▶ WHAT YOU SHOULD DO: Line by line, give the data again exactly as it appears, but without pictures.

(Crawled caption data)
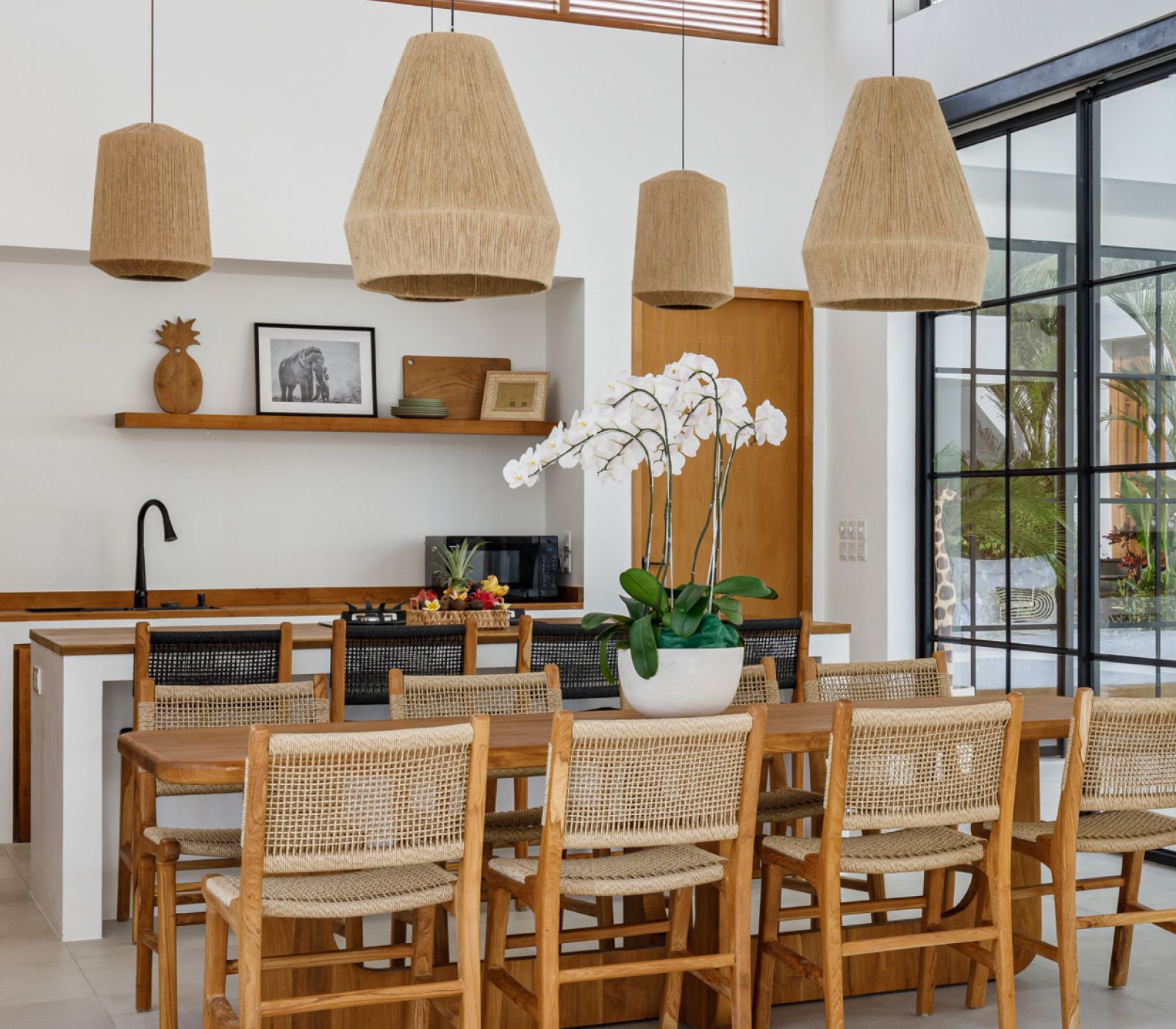 Bright modern dining room with wicker chairs, woven pendant lights, and a kitchen island with orchids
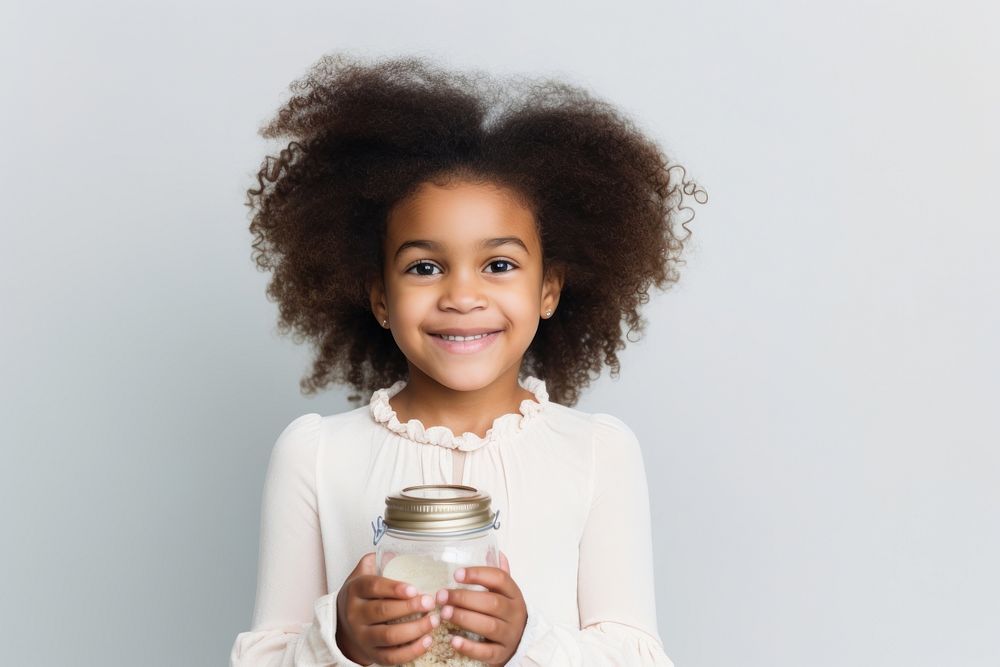 Little girl donations smile white background hairstyle. AI generated Image by rawpixel.
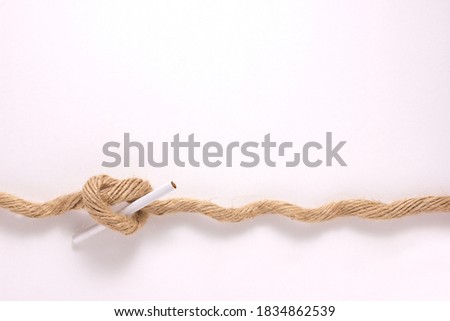 close-up of a brown strong rope, tie with smoking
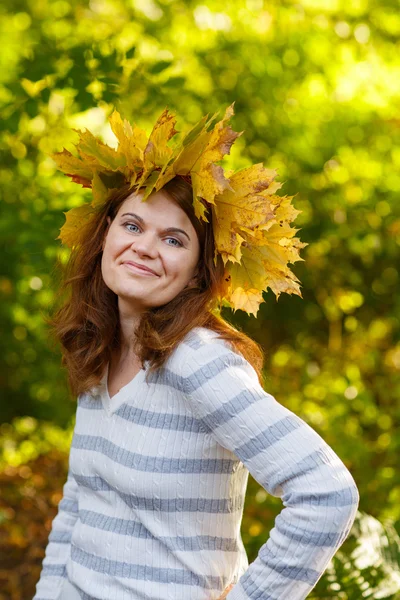 Happy young woman with autumn maple leaves garland in park. — Stock Photo, Image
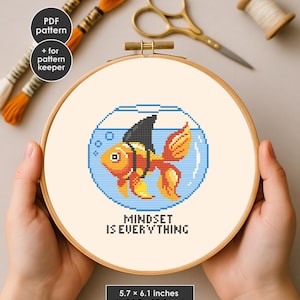 May include: Cross-stitch hoop art featuring a goldfish with a shark fin in a blue bowl. The fish is orange and yellow, with a black fin. The text "MINDSET IS EVERYTHING" is below the fish. The hoop is 5.7 x 6.1 inches.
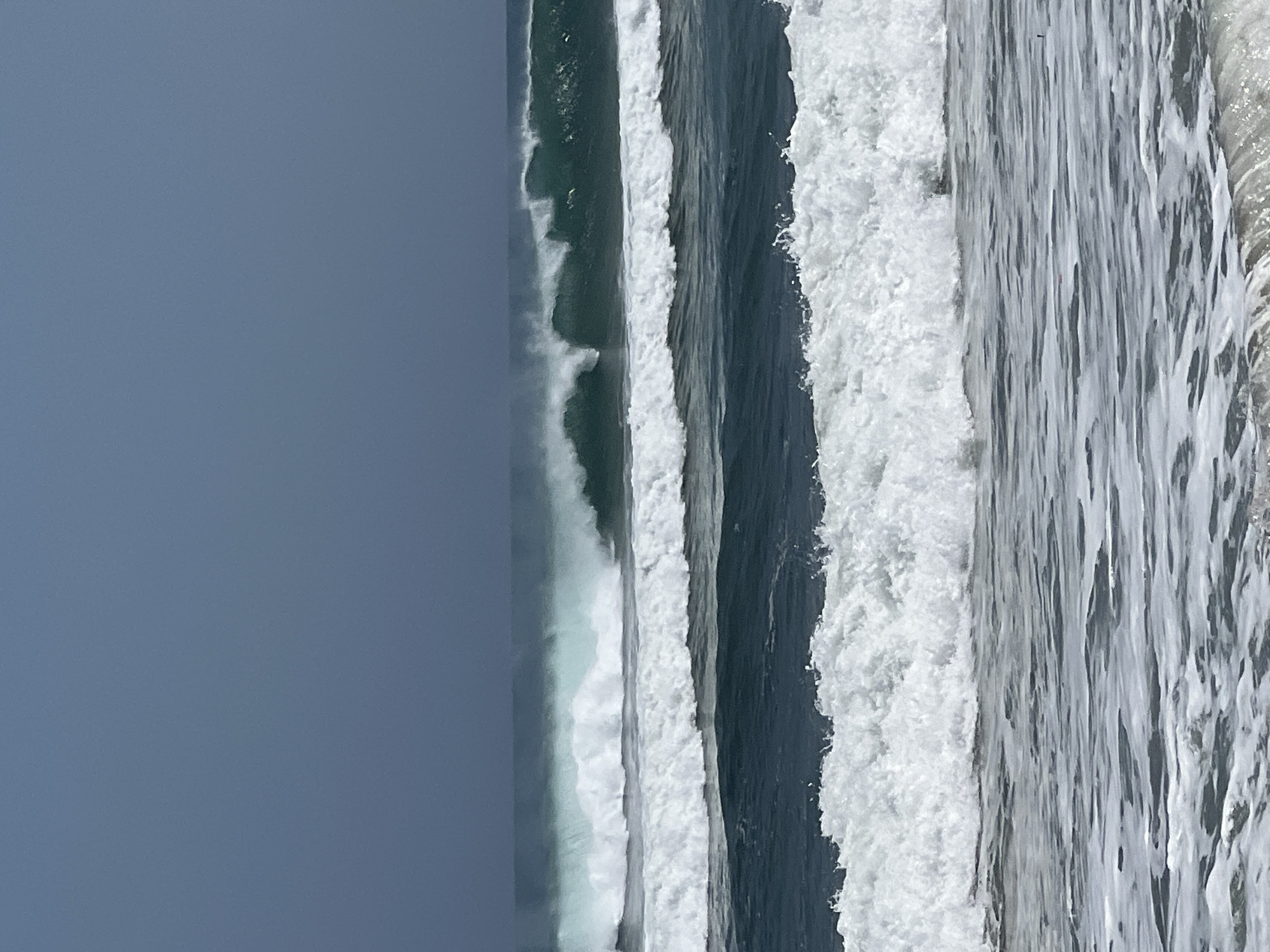 The image depicts a seascape with multiple waves breaking in the ocean. The sky is a deep, overcast blue. In the foreground, the crest of a wave is breaking with white foam. Behind this, a larger wave with a more defined peak is rolling in. Further out, another series of waves are breaking, with the largest wave showing a hollow tube formation, indicating a powerful swell. The water color transitions from a dark blue in the mid-ground to a lighter, foamy white in the foreground. The scene is characteristic of the popular surf break at Kuta Beach, Bali, Indonesia, known for its consistent waves. No people or man-made structures are visible in this frame.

▶ RESULT:
 Bright modern dining room with wicker chairs, woven pendant lights, and a kitchen island with orchids
 Little girl donations smile white background hairstyle. AI generated Image by rawpixel.
 close-up of a brown strong rope, tie with smoking
 Happy young woman with autumn maple leaves garland in park. — Stock Photo, Image
 May include: Cross-stitch hoop art featuring a goldfish with a shark fin in a blue bowl. The fish is orange and yellow, with a black fin. The text "MINDSET IS EVERYTHING" is below the fish. The hoop is 5.7 x 6.1 inches.
 The image depicts a seascape with multiple waves breaking in the ocean. The sky is a deep, overcast blue. In the foreground, the crest of a wave is breaking with white foam. Behind this, a larger wave with a more defined peak is rolling in. Further out, another series of waves are breaking, with the largest wave showing a hollow tube formation, indicating a powerful swell. The water color transitions from a dark blue in the mid-ground to a lighter, foamy white in the foreground. The scene is characteristic of the popular surf break at Kuta Beach, Bali, Indonesia, known for its consistent waves. No people or man-made structures are visible in this frame.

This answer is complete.